To do — Return only the line that contains "2024 Volvo XC90 2.0L Hybrid For Sale Images" and each line after it, through the last line of the data below, copied exactly.

Dataset items
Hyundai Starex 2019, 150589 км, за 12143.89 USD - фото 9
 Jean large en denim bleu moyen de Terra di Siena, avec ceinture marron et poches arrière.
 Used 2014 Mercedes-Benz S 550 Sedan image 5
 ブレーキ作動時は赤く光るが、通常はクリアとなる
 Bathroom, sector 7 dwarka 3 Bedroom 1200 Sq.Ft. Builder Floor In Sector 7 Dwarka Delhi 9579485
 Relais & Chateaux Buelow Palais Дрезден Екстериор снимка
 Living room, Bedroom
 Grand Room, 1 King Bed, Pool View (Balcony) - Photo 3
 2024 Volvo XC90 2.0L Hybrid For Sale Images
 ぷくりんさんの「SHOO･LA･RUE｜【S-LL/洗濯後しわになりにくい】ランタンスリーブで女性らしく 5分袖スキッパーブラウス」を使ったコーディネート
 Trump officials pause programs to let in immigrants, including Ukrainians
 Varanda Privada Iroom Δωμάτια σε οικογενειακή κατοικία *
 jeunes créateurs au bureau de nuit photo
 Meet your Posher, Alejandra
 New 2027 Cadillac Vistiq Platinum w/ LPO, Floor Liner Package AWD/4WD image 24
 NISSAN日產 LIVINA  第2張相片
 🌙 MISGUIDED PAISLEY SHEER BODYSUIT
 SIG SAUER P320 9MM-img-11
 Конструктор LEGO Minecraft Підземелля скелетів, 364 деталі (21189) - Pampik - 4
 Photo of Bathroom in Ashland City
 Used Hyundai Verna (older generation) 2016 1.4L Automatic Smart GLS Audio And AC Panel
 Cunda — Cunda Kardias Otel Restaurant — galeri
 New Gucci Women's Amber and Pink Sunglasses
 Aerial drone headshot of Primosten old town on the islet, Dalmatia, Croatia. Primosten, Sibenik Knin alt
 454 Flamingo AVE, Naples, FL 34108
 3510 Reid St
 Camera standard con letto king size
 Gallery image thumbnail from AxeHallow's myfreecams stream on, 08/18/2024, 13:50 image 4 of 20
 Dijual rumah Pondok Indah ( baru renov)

Completed task —
 2024 Volvo XC90 2.0L Hybrid For Sale Images
 ぷくりんさんの「SHOO･LA･RUE｜【S-LL/洗濯後しわになりにくい】ランタンスリーブで女性らしく 5分袖スキッパーブラウス」を使ったコーディネート
 Trump officials pause programs to let in immigrants, including Ukrainians
 Varanda Privada Iroom Δωμάτια σε οικογενειακή κατοικία *
 jeunes créateurs au bureau de nuit photo
 Meet your Posher, Alejandra
 New 2027 Cadillac Vistiq Platinum w/ LPO, Floor Liner Package AWD/4WD image 24
 NISSAN日產 LIVINA  第2張相片
 🌙 MISGUIDED PAISLEY SHEER BODYSUIT
 SIG SAUER P320 9MM-img-11
 Конструктор LEGO Minecraft Підземелля скелетів, 364 деталі (21189) - Pampik - 4
 Photo of Bathroom in Ashland City
 Used Hyundai Verna (older generation) 2016 1.4L Automatic Smart GLS Audio And AC Panel
 Cunda — Cunda Kardias Otel Restaurant — galeri
 New Gucci Women's Amber and Pink Sunglasses
 Aerial drone headshot of Primosten old town on the islet, Dalmatia, Croatia. Primosten, Sibenik Knin alt
 454 Flamingo AVE, Naples, FL 34108
 3510 Reid St
 Camera standard con letto king size
 Gallery image thumbnail from AxeHallow's myfreecams stream on, 08/18/2024, 13:50 image 4 of 20
 Dijual rumah Pondok Indah ( baru renov)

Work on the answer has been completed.